Table And Airplane Parts
This summer the Burgundy Frac has invited the American artist Nancy Rubins to
present her work Table And Airplane Parts (1990). This spectacular work is a
challenge to gravity and, because setting it up is such a huge task, it has not
often been shown, although it has been in the Frac collection since 1994. This
sculpture will be shown in association with a collection of graphite drawings that
seem to anchor the work in the exhibition space. The exhibition is an opportunity to
experience the impressive energy of this American artist who is not often shown in
Europe.
Nancy Rubins is mainly known for her sculptures – monumental works made from
mattresses, hot water heaters, mobile homes, electric appliances as well as airplane
parts. The exhibition in Dijon is also the occasion to discover the artist’s
graphite drawings. This practise, less often shown than the sculptures, share with
them a spectacular deployment in space and a chaotic structure that bear witness to
a world in a permanent state of decay and renewal.
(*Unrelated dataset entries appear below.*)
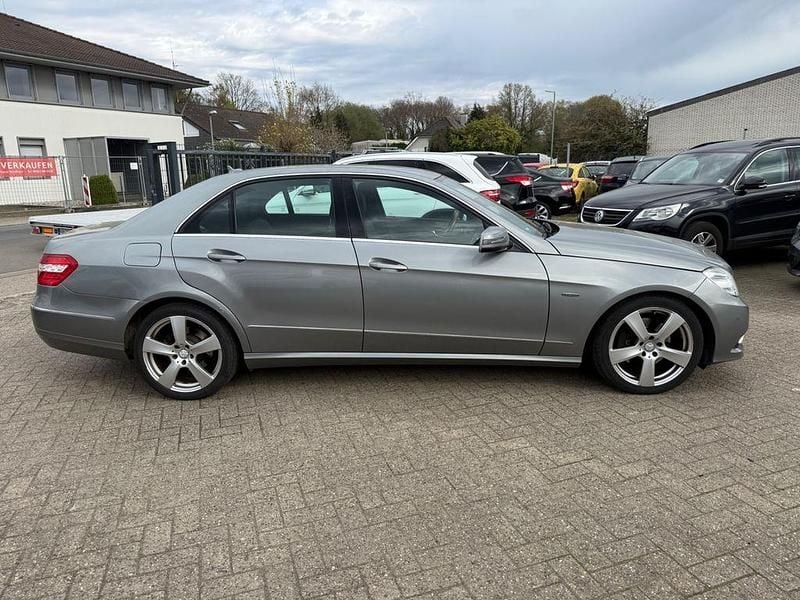 Gebraucht Mercedes E350 292 PS (214 kW) 2009 Silber Limousine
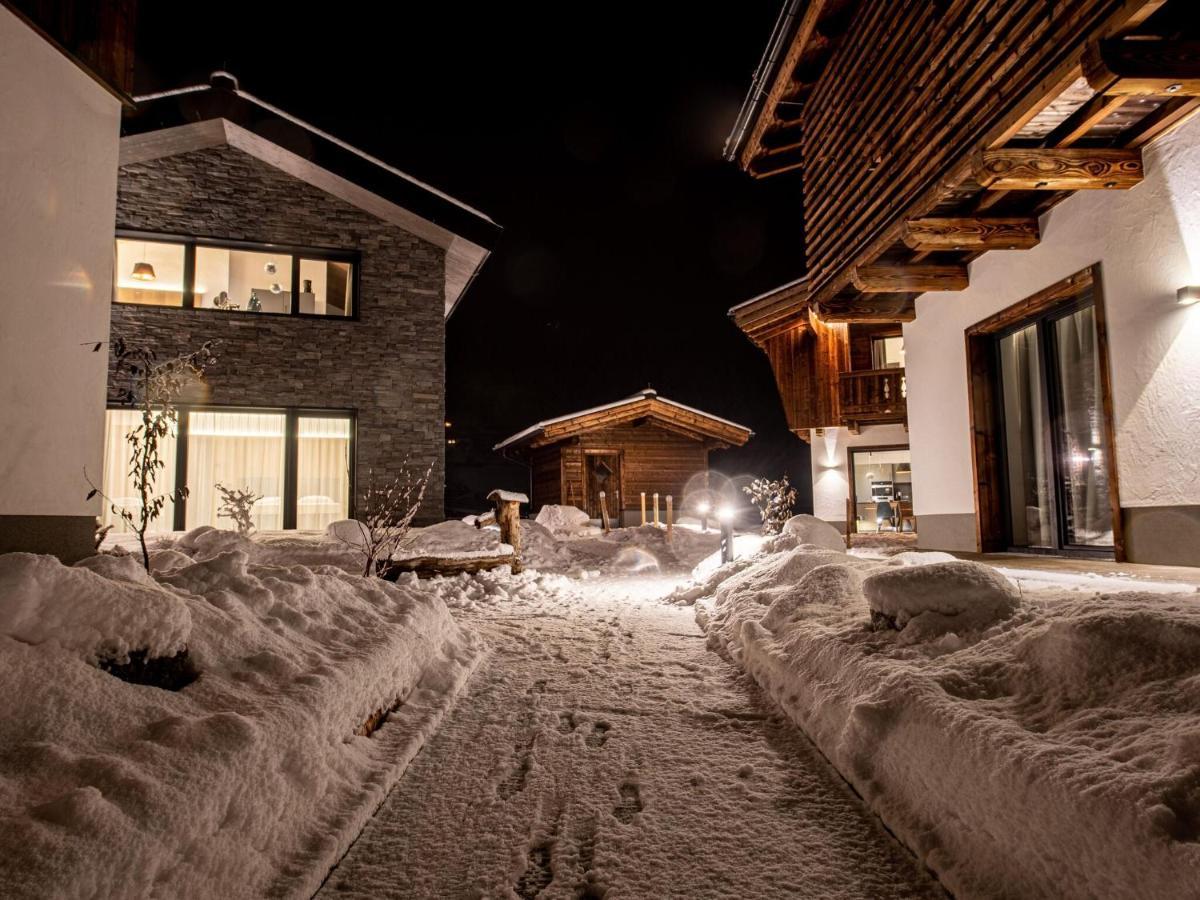 Holiday Resort Das Dorf, Wald Im Pinzgau Exterior photo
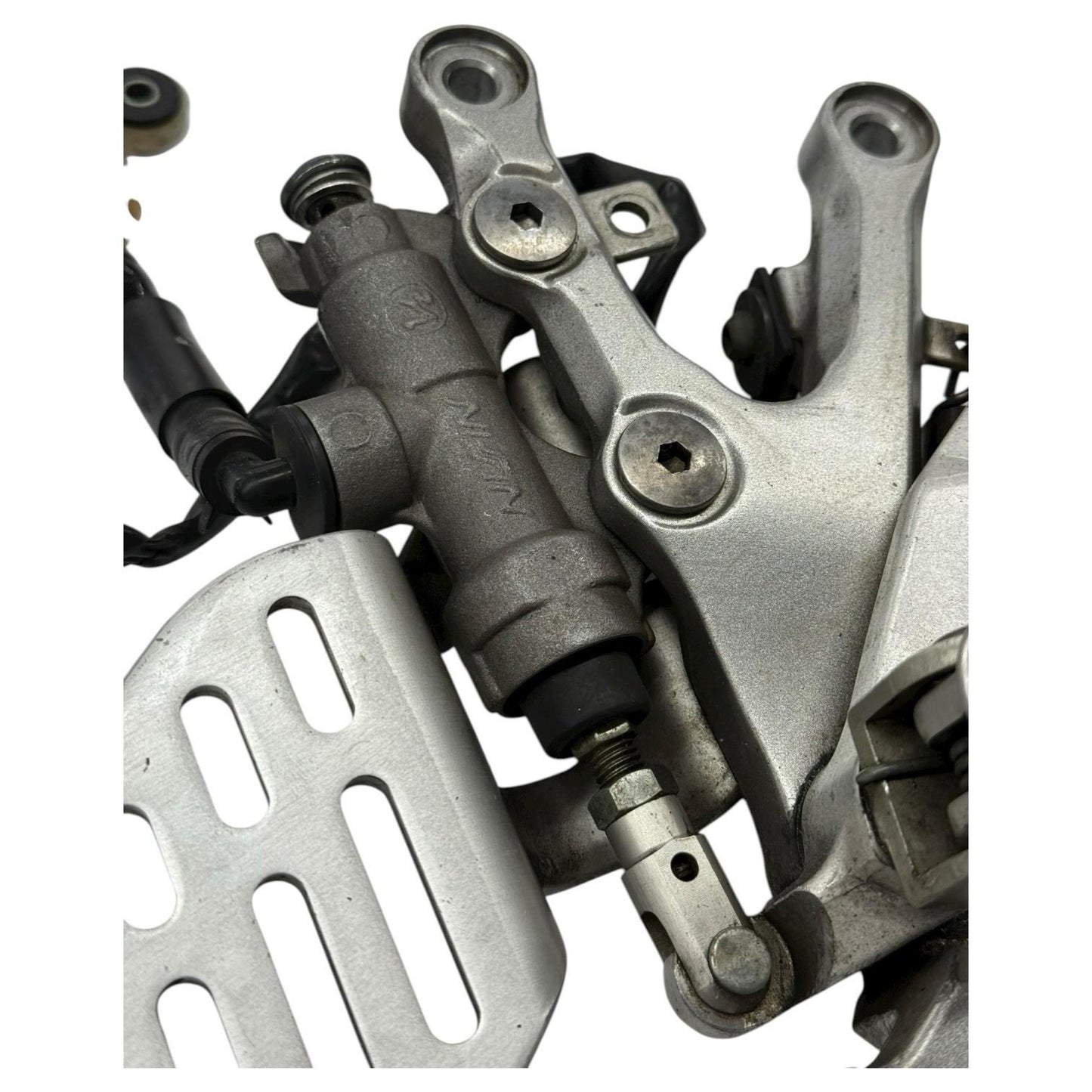 2008 - 2016 YAMAHA YZF R6 RIGHT REARSET BRAKE MASTER CYLINDER BRAKE RESERVOIR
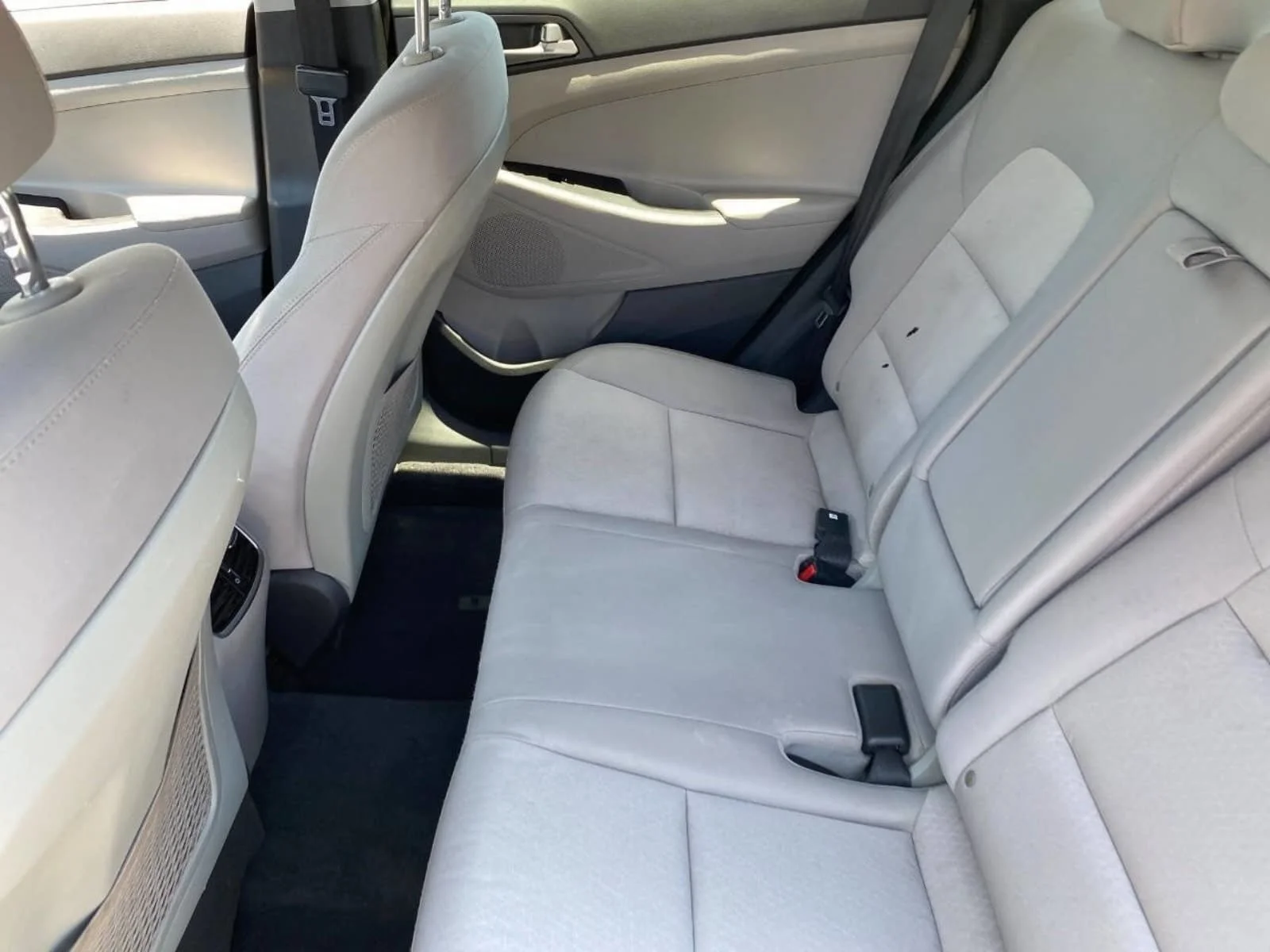 Used 2018 Molten Silver Hyundai Value image 23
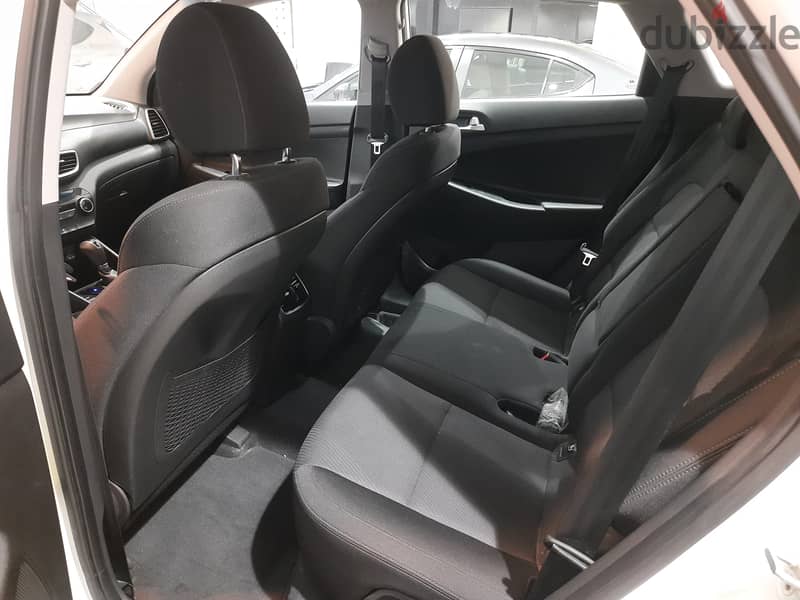 For Sale 2020 Hyundai Tucson in bahrain (Agent Maintained) White color 5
Though not often seen in France,
Nancy Rubins took part in the Venice Biennale in 1993 and in Ce qui arrive (‘What
happens’), an exhibition conceived by Paul Virilio for the Fondation Cartier in
2003. Her work was also included in the exhibition Country Sculpture at the
Consortium in 1994, which resulted in the acquisition of Table And Airplane Parts.
This work was made in 1990 in the studio and shown for the first time in 1992 at the
Burnett Miller Gallery in Los Angeles, along with two other sculptures conceived on
the same principal. It consists of an accumulation of airplane parts, some of which
are set into a makeshift wooden table, while some of the parts are simply resting on
it. Parts of the reactor, of wings, doors and elements of the cockpit are tangled up
in an enormous heap. Nancy Rubins started working with plane parts in1986 after a
trip to the Mojave Desert, where she found a stock of them that had been protected
from corrosion by the dry atmosphere. She was immediately interested by them: ‘They
were beautiful and there were lots of them. I liked not knowing what most of the
pieces were and not being able to make them if I tried’ 1.
The artist chooses her materials for their capacity to reveal unusual qualities. She
started to use objects in her work in 1977. Continuing the Pop Art artists’ interest
for the everyday, she embedded consumer society items in concrete, making what one
could call ‘anti-monuments’. An example of this is Big Bil-Bored (1980), a work made
by Rubins for the esplanade in front of a shopping centre in Berwyn, Illinois.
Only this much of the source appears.